La Cantiga de Santa-Maria 100 par Sequentia
Chants pour le roi Alphonse X de Castille et León
En 1991-92, L’ensemble médiéval Sequentia décidait de faire une incursion dans le très célèbre répertoire des Cantigas d’Alphonse X. Sous le titre « Gesänge für König Alfonso X. von Kastilien und León. » ou « Chansons pour le roi Alphonse X de Castille et León(1221-1284) », la formation proposait ainsi une sélection de dix-huit pièces dont 14 Cantigas, accompagnées de quatre autres compositions d’époques.
L’album est encore distribué à ce jour et, à toutes fins utiles, voici un lien pour vous le procurer : Sequentia performs Vox Iberica III by El Sabio (DHM). Il constitue le troisième volet d’un triptyque nommé Vox Iberica (I, II et III) autour des musiques religieuses de l’Espagne médiévale. Le premier était consacré au Codex Calixtinus, musique du XIIe siècle en l’honneur de Saint-Jacques l’apôtre. ; le second au Codex de Las Huelgas de Burgos et le troisième, celui du jour, aux Cantigas de Santa-Maria.
La Cantiga de Santa Maria 100
et sa traduction en français moderne
Esta é de loor.
Celle-ci est un chant de louanges
Santa Maria, Strela do dia, mostra-nos via pera Deus e nos guia.

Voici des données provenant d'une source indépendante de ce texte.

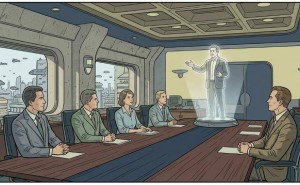 Meta研发扎克伯格AI数字分身：或成员工沟通新“替身”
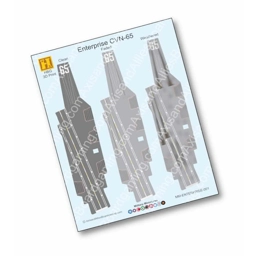 Enterprise Flight Deck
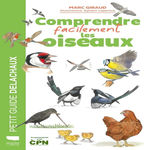 COMPRENDRE FACILEMENT LES OISEAUX, Giraud Marc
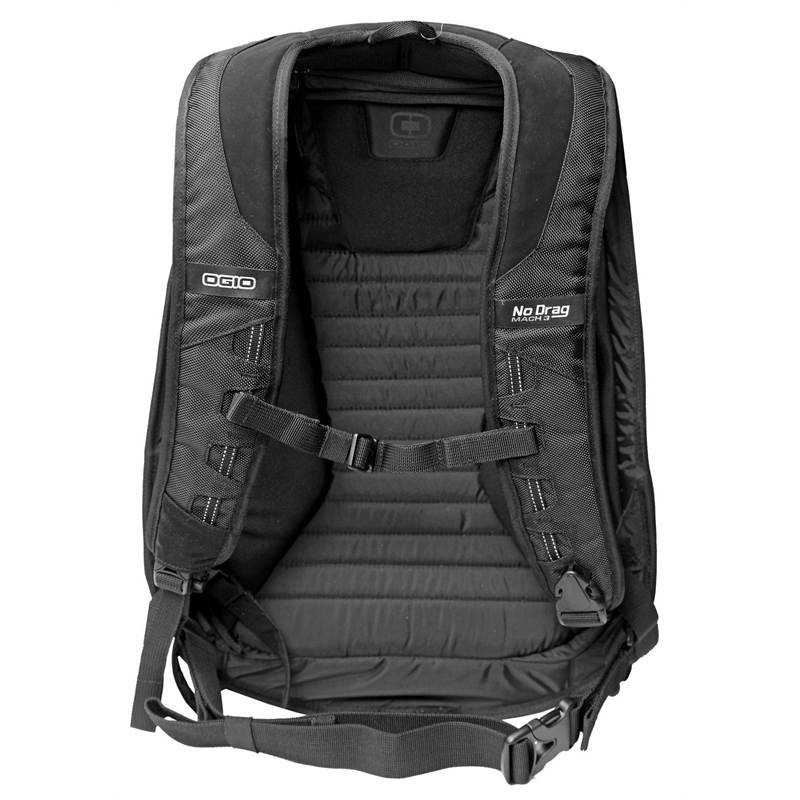 Ogio Mach 3 Motorcycle Backpack-3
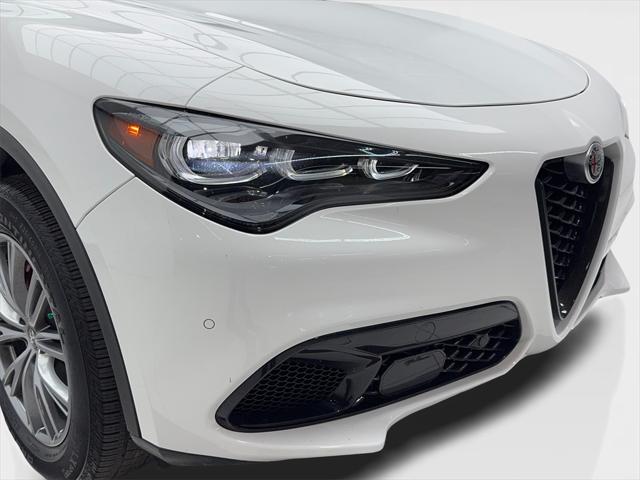 2024 Alfa Romeo Stelvio Sprint AWD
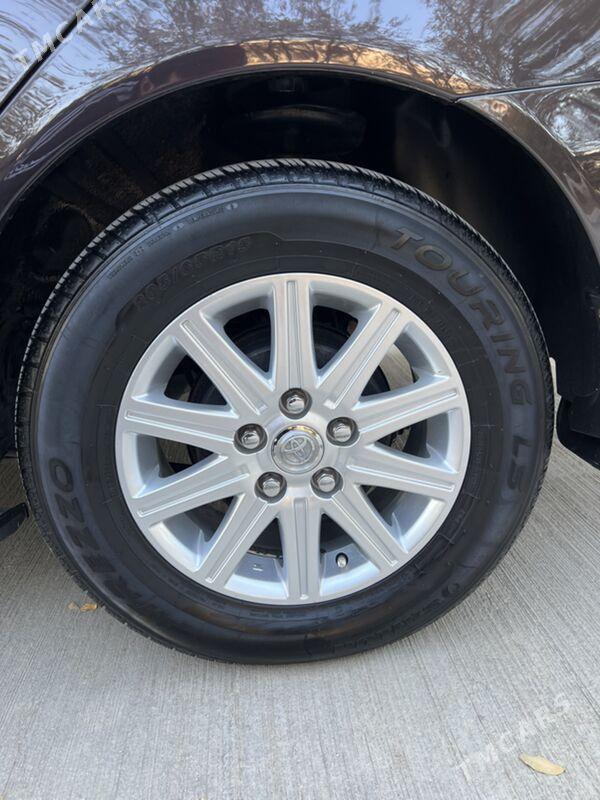 Toyota Camry 2004 - 189 000 TMT - Балканабат - img 5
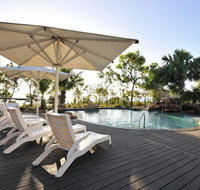 Groote Eylandt Lodge - ACT Tourism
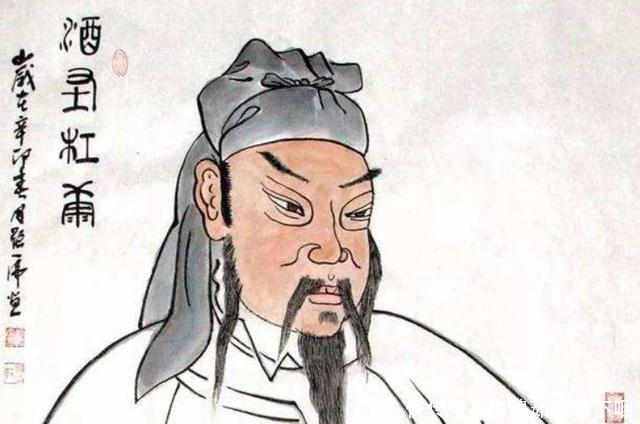 古代有哪些著名的酒在夏代,是仪狄、杜康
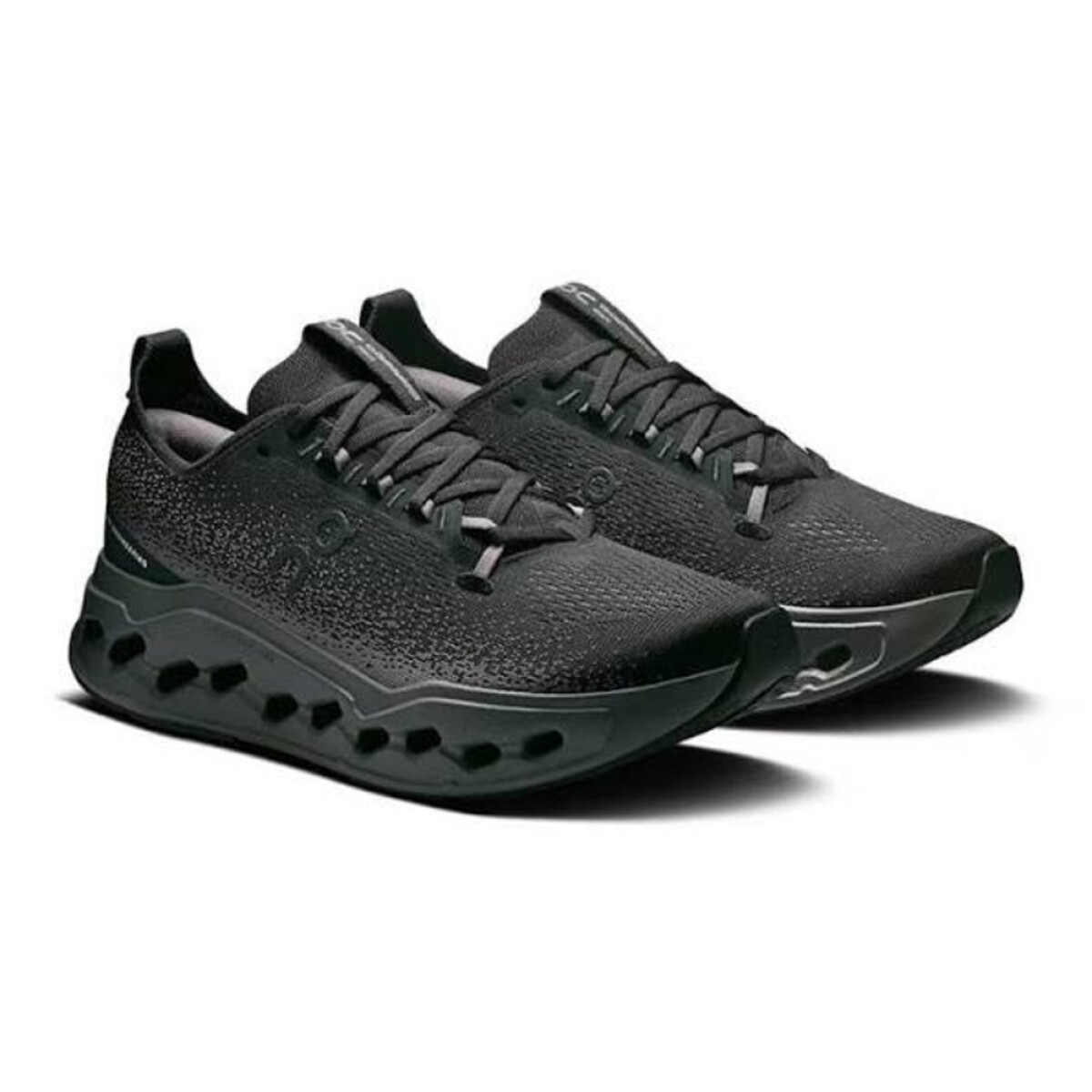 CLOUDSURFER MAX M BLACK/ECLIPSE - Black Eclipse 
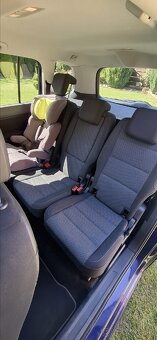 Volkswagen touran - 6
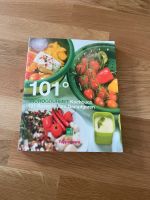 Micro Gourmet Kochbuch 101 Tupperware Bayern - Pilsting Vorschau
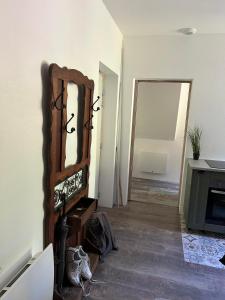 Appartements Senones Jardin de la princesse : photos des chambres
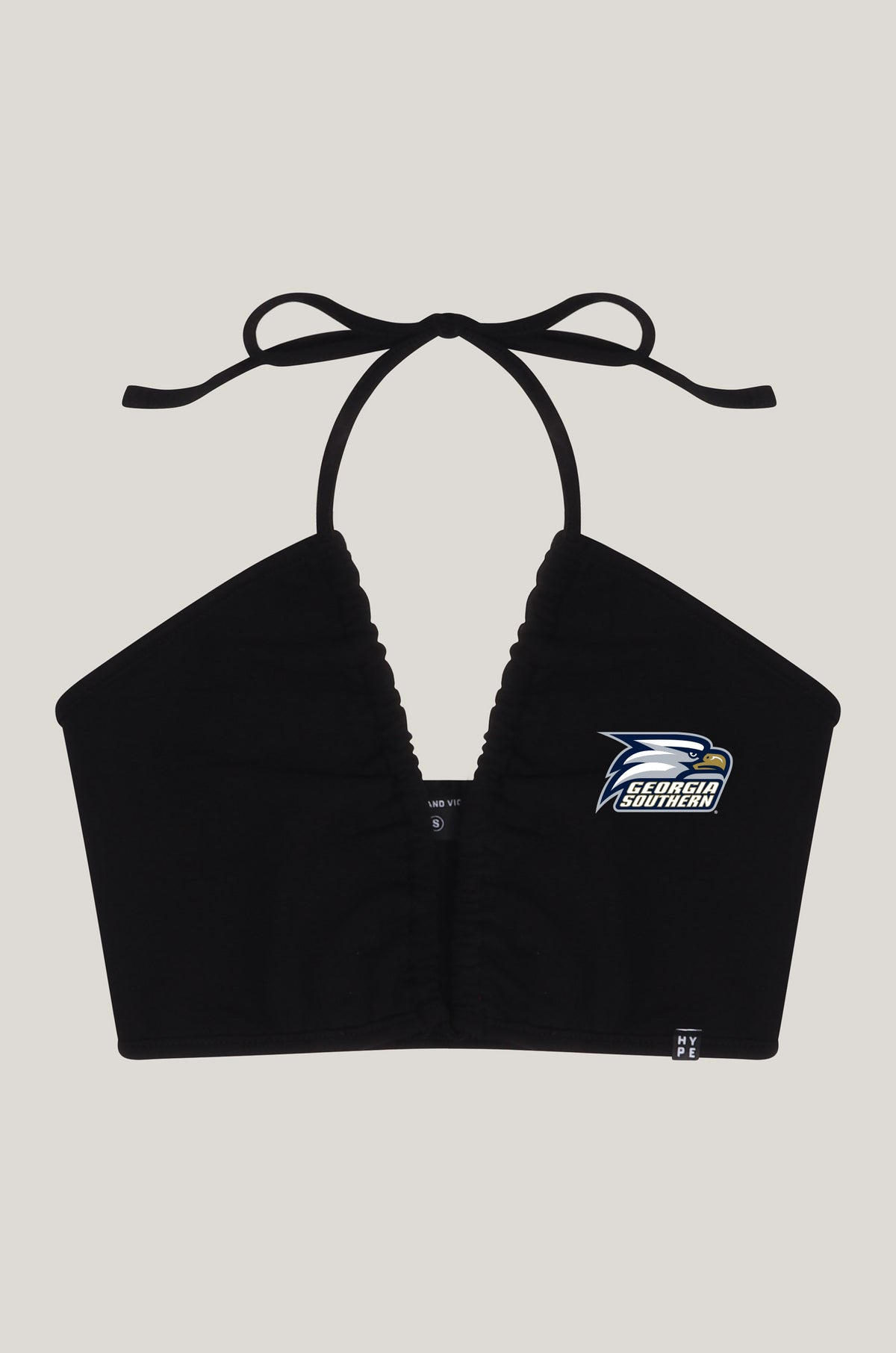 Georgia Southern Slam Dunk Top
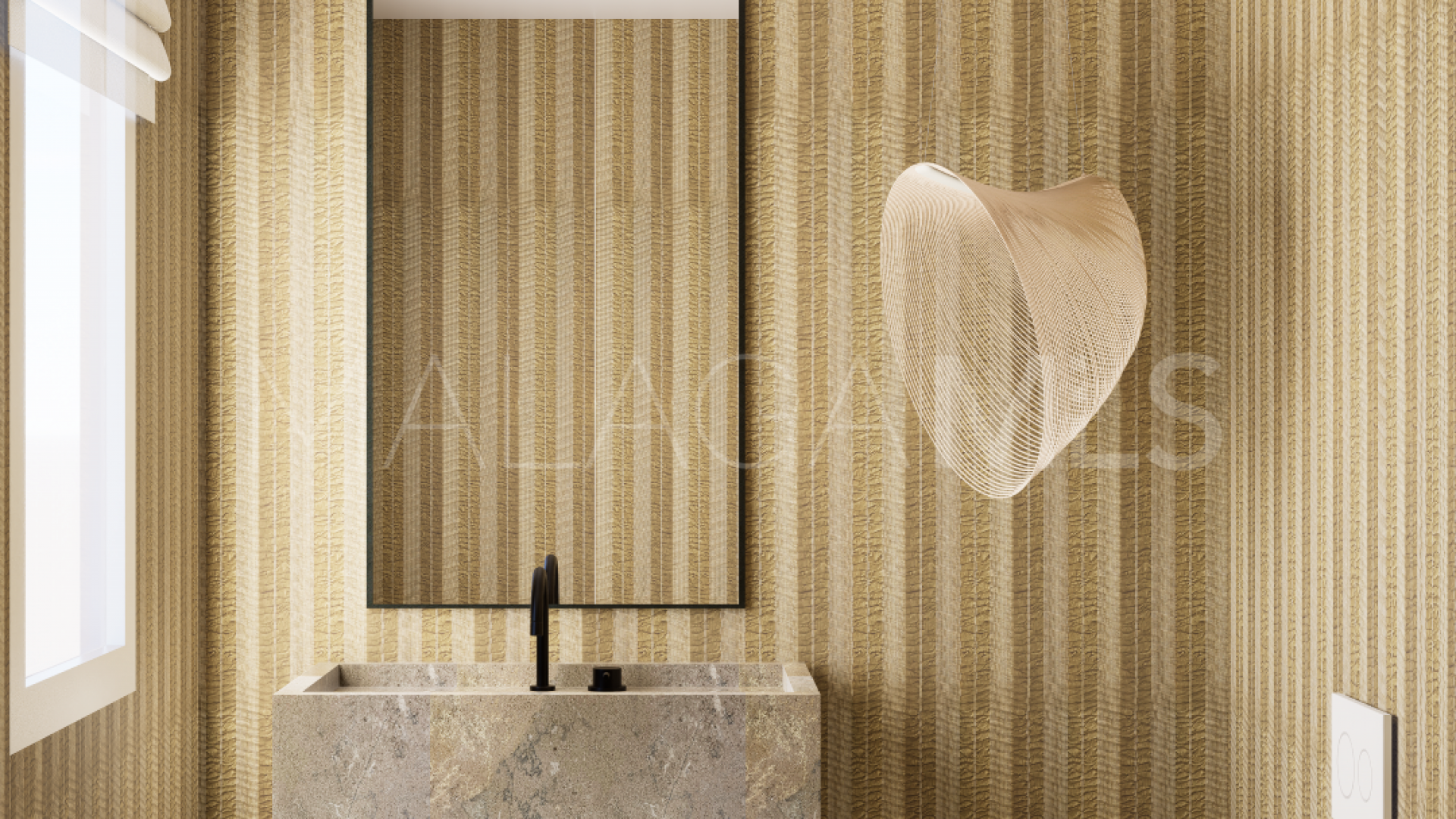 Se vende Ático in Magna Marbella de 3 bedrooms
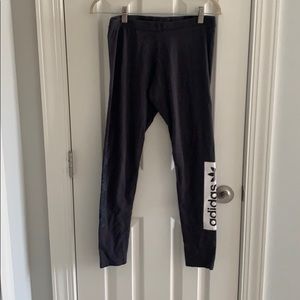 Adidas leggings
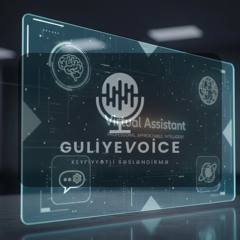 Voice Assistant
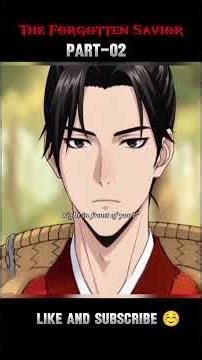 The Forgotten Savior #reborn_as_a_legend__the_plan-t_chronicles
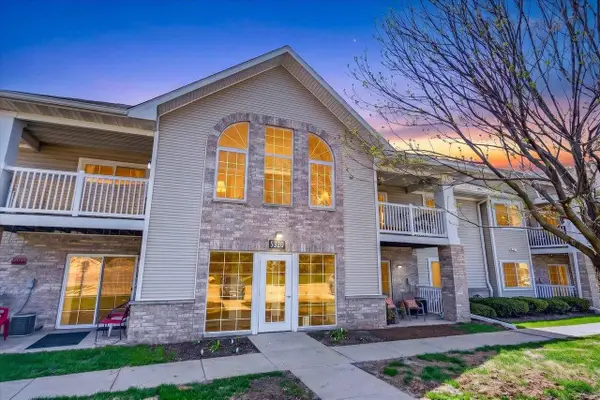 5320 Congress Avenue #4, Madison, WI 53718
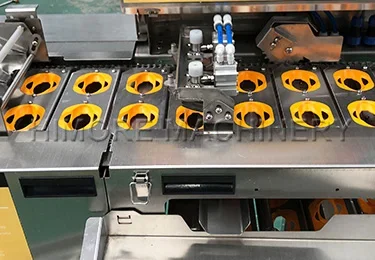 # for One Line Commercial Egg Breaker Separator Egg Cracking Machine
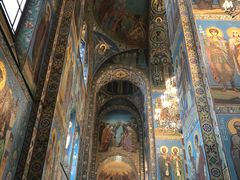 -滴血救世主教堂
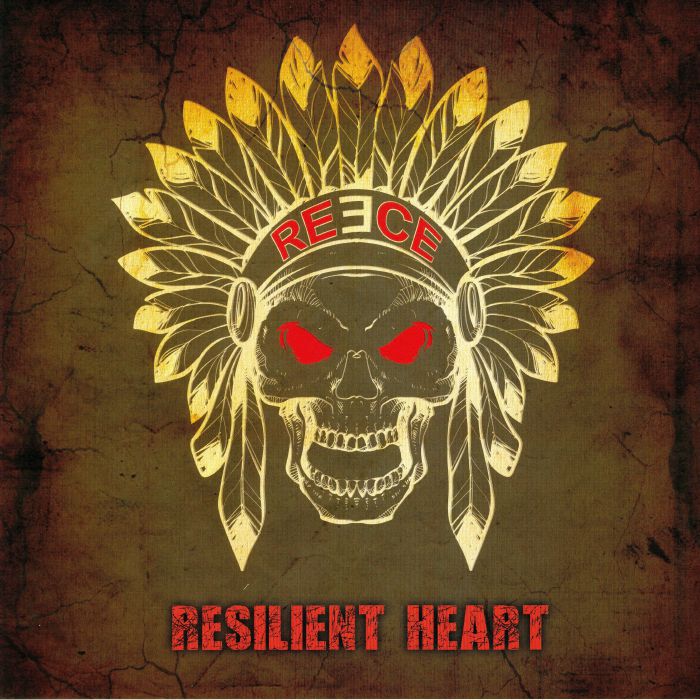 REECE - Resilient Heart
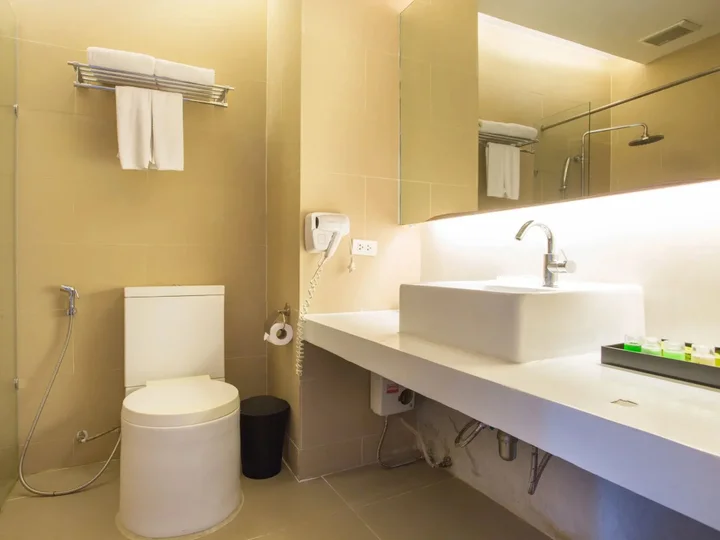 Пак-Чонг: The Greenery Resort Khao Yai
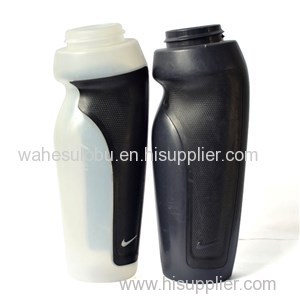 TPE Material Sports Bottle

Sainte-Marie Etoile du jour Montre nous la voie vers Dieu et guide-nous
Ca veer faze-los errados que perder foran per pecados entender de que mui culpados son; mais per ti son perdõados da ousadia que lles fazia fazer folia mais que non deveria.
Santa Maria…
Car tu fais voir aux égarés Qui se sont perdus par leur péchés Et comprendre qu’ils sont très coupables, Mais par toi, ils sont pardonnés De l’audace Qui leur faisait Commettre des folies Qu’ils ne devaient pas.
Sainte-Marie…
Amostrar-nos deves carreira por gãar en toda maneira a sen par luz e verdadeira que tu dar-nos podes senlleira; ca Deus a ti a outorgaria e a querria por ti dar e daria.
Santa Maria…
Tu dois nous montrer la voie Pour gagner, en toute chose, La lumière véritable et sans égale Que tu es seule à pouvoir nous désigner Car Dieu; à toi seule L’a accordé Et il a voulu te la donner pour toi et pour que tu la donnes.
Sainte-Marie…
Guiar ben nos pod’ o teu siso mais ca ren pera Parayso u Deus ten senpre goy’ e riso pora quen en el creer quiso; e prazer-m-ia se te prazia que foss’ a mia alm’ en tal compannia.
Santa Maria…
Ton jugement peut nous guider parfaitement plus que tout, vers le paradis, où dieu a toujours joie et sourires pour celui qui a voulu croire en lui; Et il me plairait, S’il te plait à toi, Que mon âme se tienne En telle compagnie.